None of you wanted things to be "better". You just wanted me to be homeless and helpless and everybody's fool.

You wanted me to lose everything that I worked for. Everything that I built. Everything that was rightfully mine.

NOW IT"S MY TURN.

It is my turn to thrive. It is my turn to get ALL that is owed to me. IT IS MY TURN to live MY DESTINY.

You all hoped that you had kicked me down enough times, to never get back up.

You all hoped that I would die there, at the bottom of the well.

You hoped that I would starve. You hoped that you had beat me down enough, to have no will to carry on.

You all hoped that you could kick me down, spit on my face, and brow beat me to death. You wanted me to pay for things I never did. You wanted to take everything from me and leave me for dead.

You hoped that I would be forgotton.

Well I have breaking news.

I GOT BACK UP.

I got back up. I wiped the blood from body and the tears from my face.

I got back up, stronger and wiser than before.

I got back up and now, NOW I REFUSE to be silenced.

I'll no longer let you keep me in chains, rotting like a decaying corpse.

I'll no longer be the one you shame.

I'll no longer be the one that you lie about, because of your own guilt.

I'll no longer be anything more to you than a distant memory.

The memory that has long been fading.

The memories of me, sweet, innocent, so eager to be the best version of myself and give my all to every situation.

The happy, delightful, animated child who just wanted to be loved.

The smart, kind, fun friend that was willing to go above and beyond.The one that tried to be the best friend that anyone could ever ask for.

The dedicated, loving, loyal partner; that admittedly you NEVER deserved.

The strong, inventive, "hard worker"; the one that you all mocked and took advantage of.

The memories of me, willing to help you, when no one else was there.

The memories of me, the one to check on you, when no one else cared.

The friend you always wished for. The friend that you never had, didn't know existed; not till you met me. Then when you knew I only had good intentions, you went our of your way to stab me in the back.

The person that would stand by your side, when no one else showed up.

The now haunted memory of me; seeing the best in you, when all you were, was a coniving, greedy snake.

The memory of me that haunts your dreams. The memories that I had penned for a beautiful future, that you tried to take from me. The non-stop fear to fall asleep, because I never deserved what you all have done to me.

What you TRIED to do to me.

The memories of your own guilt and your own shame.

The memory of my trusting heart; in which you calculatingly deceived.

The memory of me; a snapshot stuck in time, of my smiling face, hoping for once that this time you were different.
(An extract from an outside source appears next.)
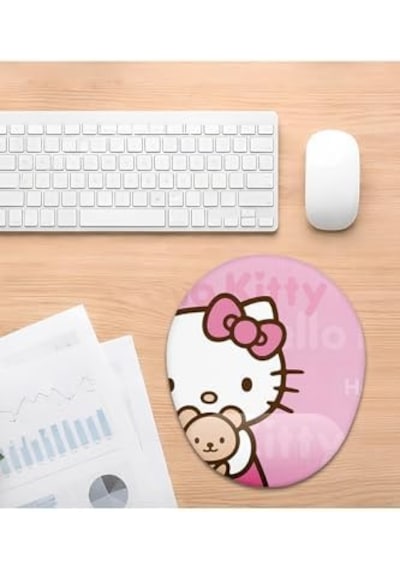 Ve Ayıcık Bilek Destekli Mouse Pad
The memories of me, that NOW haunt ALL of your dreams. And your waking hours.

I RESIGN from my place in your life as the person you "wrote" me out to be.

I now write my own story.

I tell my own tales.

I decide who gets to be a character in MY story.

I decide MY FATE.

I DECIDE MY DESTINY.

This is the last moment that you will have any hope that your twisted plan will work on me.

This is the last moment that you have any hope of redemption.
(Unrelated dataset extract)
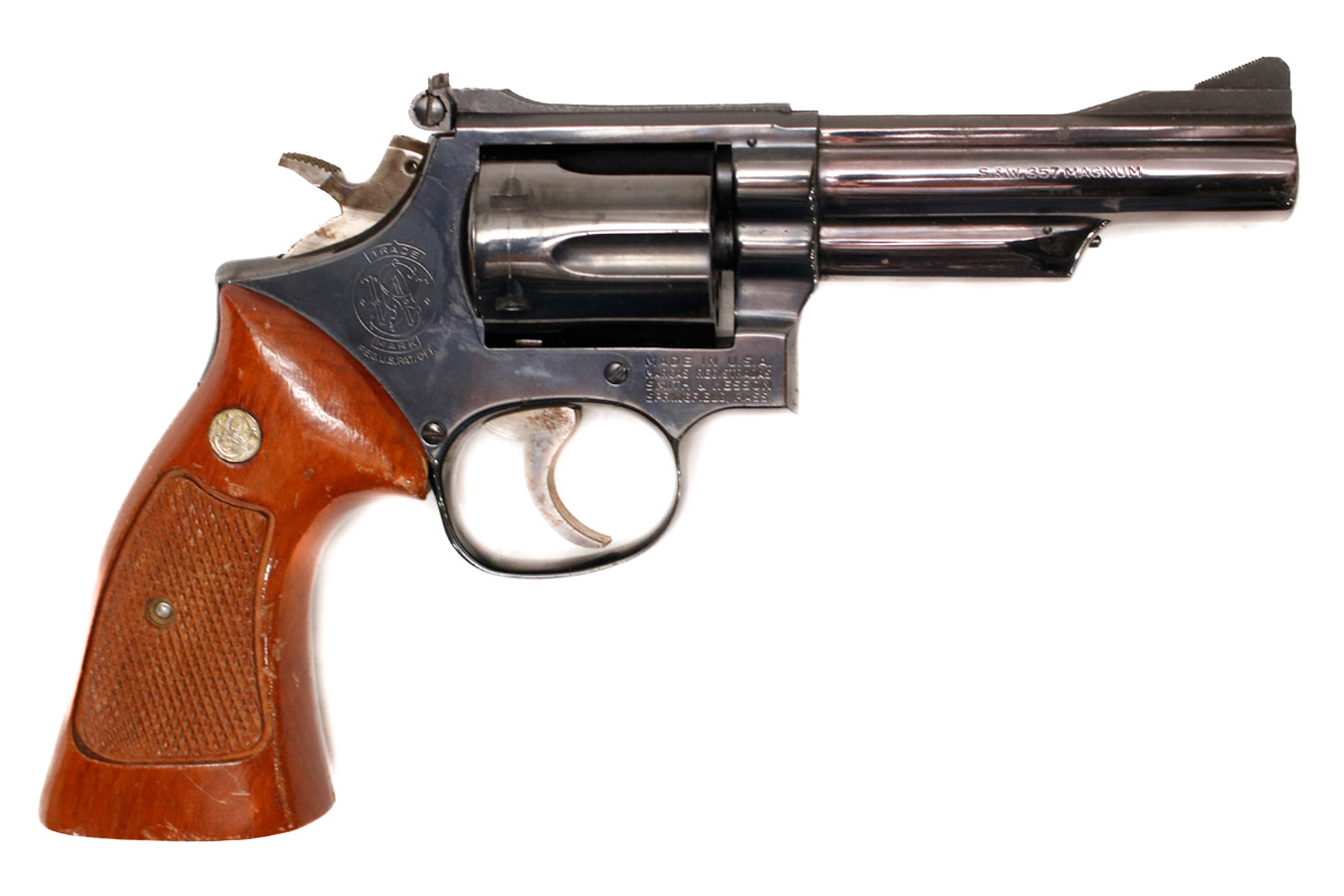 Smith & Wesson 19-4 357 Magnum Police Trade-In Revolver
Years and years, I hoped, I wished, I prayed, that I could just have a normal life. I wanted to just co-exisit and be my loving happy self.

The person that everyone saw as an easy target.
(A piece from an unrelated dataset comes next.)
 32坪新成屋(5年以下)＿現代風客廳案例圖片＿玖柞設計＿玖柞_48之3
Easy to lie to. Easy to manipulate. Easy to hurt.

But you ALL were wrong.

I am not any of those things that you "wrote" me out to be. I AM NOT the person that you assumed was weak, and stupid. I am not the person to lie down and be used as your doormat or footstool. I am not the loser that you have told so many people I am.

In fact, all those things you said of me; those are true reflections of you.

And now, tell me how does that feel? That everyone knows, the true villian was you.

Never again will I accept punishment that I DO NOT deserve.

Never again will I be the person you use for your own personal sick games.

I AM NOT YOU, I AM NOT like you, and I never will be.

And to be PERFECTLY clear, you are not and never will be ME.

This is where we say goodbye.

P.S. You really should have treated me better.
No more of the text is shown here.